Día del Cuerpo de Cristo entregado por todos nosotros, alimento, espiritual que sacia nuestra más profunda hambre y que nos une en un mismo cuerpo
Cristo alimento:
“Jesucristo estaba con el Padre desde el principio preparando la maravillosa mesa de la creación, a la cual quiso invitar a todos sin excepción” (Juan Pablo II).
Esa gran mesa de la creación está abastecida para todos los hombres; pero, por desgracia, está injustamente repartida.
En ocasiones especiales, Dios mismo hizo llover pan del cielo para su pueblo peregrino por el desierto y luego, hecho hombre, multiplicó los panes en sus divinas manos, para saciar el hambre de una gran multitud.
En la Eucaristía, Jesucristo se parte y se entrega como pan y bebida para alimentarnos de una manera íntima.
Se une Jesús con nosotros para comunicarnos sus palabras, sus pensamientos, sus sentimientos, su espíritu, su vida.
El que se alimenta de su cuerpo, tendrá vida en plenitud, superará toda clase de dificultades y hasta la muerte; será inmortal.
Cristo-comunión
La eucaristía es misterio de comunión. Comunión, en primer lugar, con Dios en Cristo.
Comemos a Cristo, no para masticar su cuerpo, sino para asumir su espíritu, sus sentimientos de amor.
Comemos a Cristo para identificarnos con Él y contagiarnos de su amor universal.
Si nuestras comuniones no nos unen a Cristo y a su modo de sentir y actuar, tendremos que pensar si no estamos comiendo de este pan y bebiendo de este cáliz “indignamente”. Comulgar a Cristo es también comulgar con los hermanos, que son miembros de su Cuerpo.
Se comulga, por tanto, a Cristo para ir haciendo comunidad, para acercarnos más unos a otros, para comprendernos mejor, para querernos mucho más.

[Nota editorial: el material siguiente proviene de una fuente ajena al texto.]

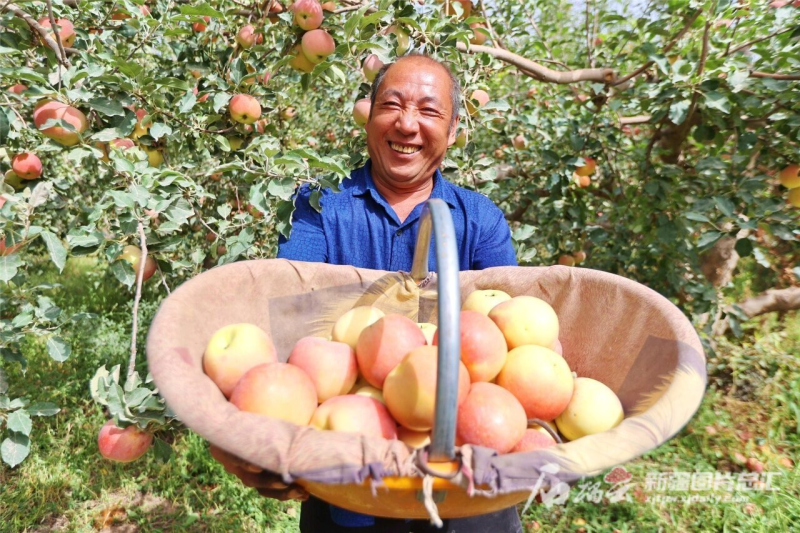 澳门沙金(中国)在线平台新疆：春花繁似锦遥闻秋果香(图3)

Si recibimos todos, al comulgar, la misma savia, debemos entrelazarnos unos con otros, como los sarmientos a la vid, o como los miembros de un mismo cuerpo.
“El pan es uno, y así nosotros, aunque somos muchos, formamos un solo cuerpo, porque comemos todos del mismo pan”.
Así rezaban los primeros cristianos: “Como este fragmento estaba disperso sobre los montes y renacido se hizo uno, así sea reunida tu Iglesia de los confines de la tierra en tu reino”.
No podemos comulgar el mismo pan y sentarnos a la misma mesa y, luego, después desconocernos o enfrentarnos o vivir egoístamente.
La comunión nos debe llevar al encuentro, a la concordia, a la colaboración, al amor fraternal.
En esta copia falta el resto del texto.